When Butzbaugh started his employment, he found that the legal department was in shambles.
Shortly after he started, he discovered several problems with securities issues, corporate matters and employment disputes. By the end of the initial bonus period, December 31, 2005, Butzbaugh’s supervisors, Brian Hollnagel, the Chief Executive Officer, and Craig Papayanis, The Chief Financial Officer, had not met with him to review his performance.
Rather, the following February, in an e-mail which would foreshadow the difficulties Butzbaugh would continue to experience for the next six years, Papayanis told him that no bonus would be forthcoming.
BCI again failed to meet with its lawyer in 2006 regarding bonuses, and Butzbaugh started to e-mail Hollnagel about the delinquent payments. At the hearing, Butzbaugh testified that he sent at least 20 e-mails to the CEO complaining that he had never received a bonus.
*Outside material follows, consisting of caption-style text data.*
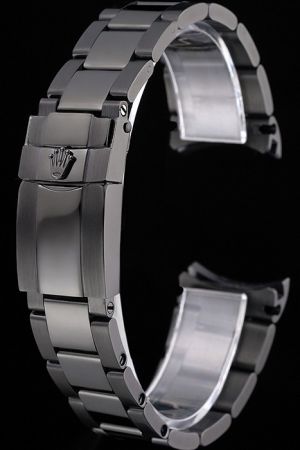Rolex Antique Ion-Plated Stainless Steel Black Bracelet with Fold Over Clasp Replica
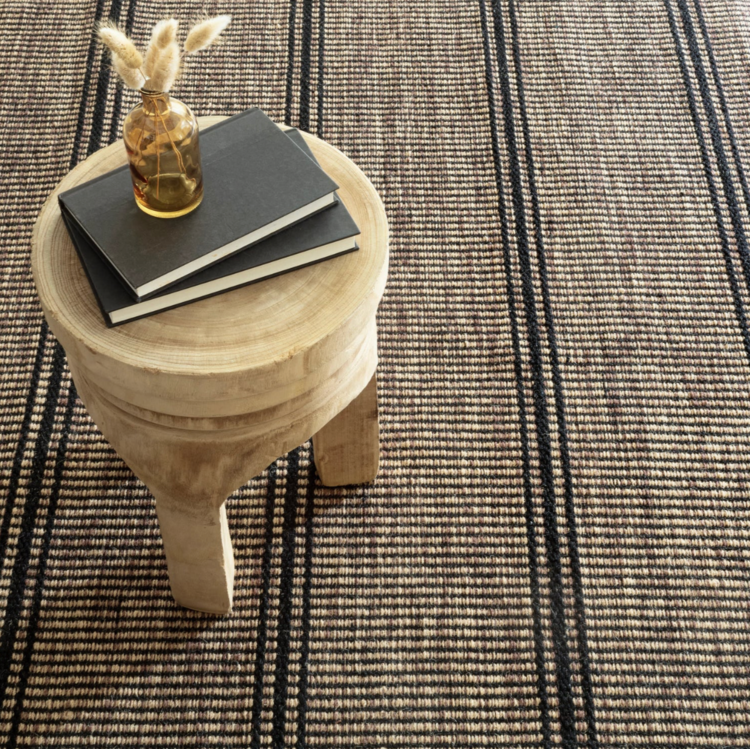 Malta Natural Woven Wool Rug - black or camel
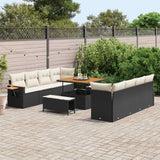 Set Divano da Giardino 12 pcs Nero e Crema polyrattan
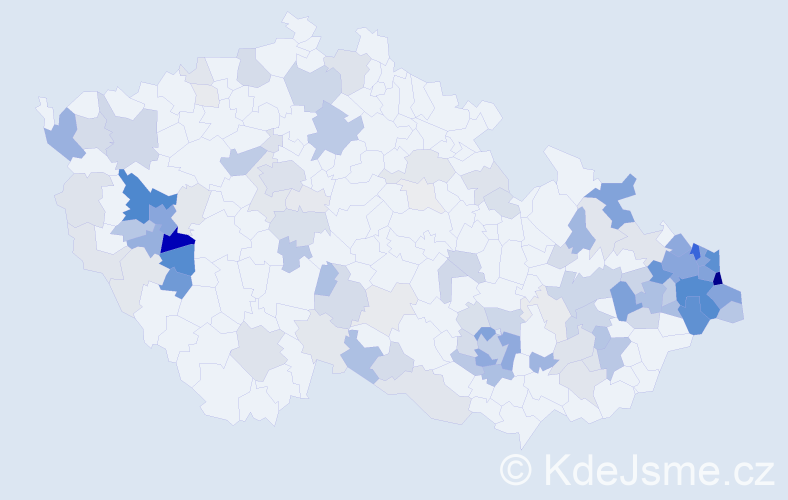 Příjmení: 'Kulová', počet výskytů 427 v celé ČR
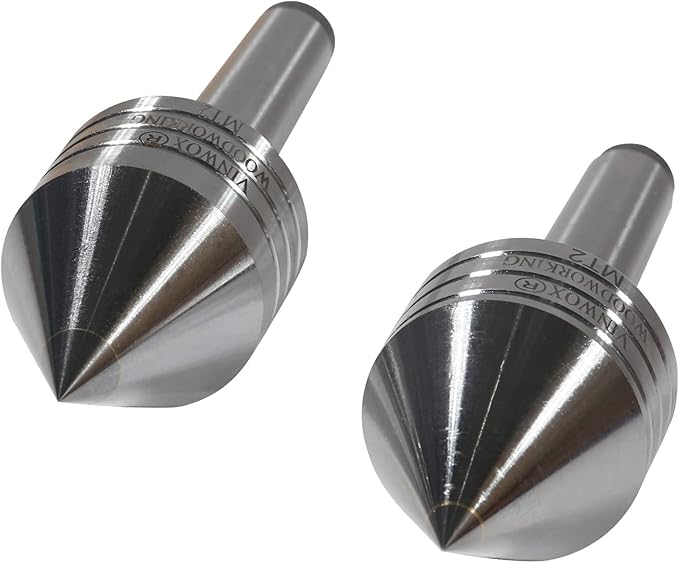 Wood Lathe Carbide Tipped Live Center, 2MT Morse Taper Shank, 8mm Carbide Tip with 60 Degree Point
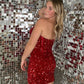 Sexy Fitted Sweetheart Sleeveless Short Velvet Sequin Prom Dress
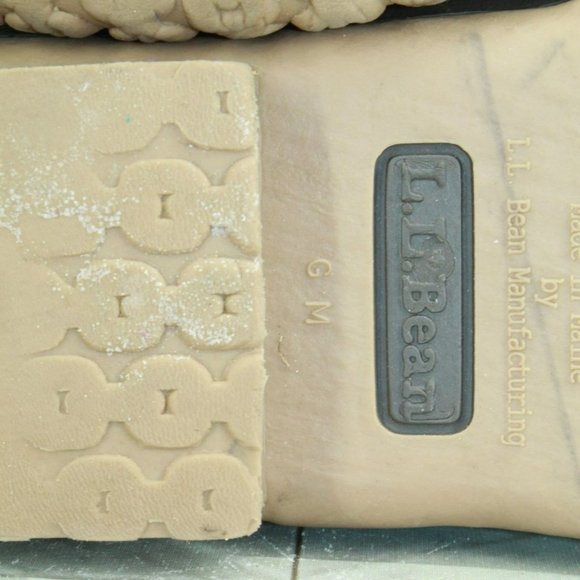 LL Bean Brown Leather Shearling Lined Insulated Ankle Duck Boots Sz 10 M - Picture 9 of 10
In April, 2007, the FBI raided BCI’s headquarters. For the first time, BCI paid Butzbaugh a partial bonus, and the company paid him partial bonuses the following year. In March, 2010, Hollnagel was indicted on federal charges for wire fraud. In a subsequent indictment, BCI was also charged with wrongdoing.
On January 18, 2012, the criminal trial against the Defendants commenced. The government subpoenaed Butzbaugh on the same day. Immediately thereafter, Hollnagel and Papayanis stopped speaking with Butzbaugh.
At the arbitration hearing, Butzbaugh testified that he was “essentially treated like an outcast.” On February 8 and 9th, 2012, Butzbaugh testified as a government witness. He was the only BCI employee to testify against the Defendants.
On March 14, 2012, the jury convicted BCI and Hollnagel of wire fraud and obstruction of justice. Hollnagel was sentenced to 20 months of incarceration, was fined, and ordered to make restitution in the sum of $1.2 million.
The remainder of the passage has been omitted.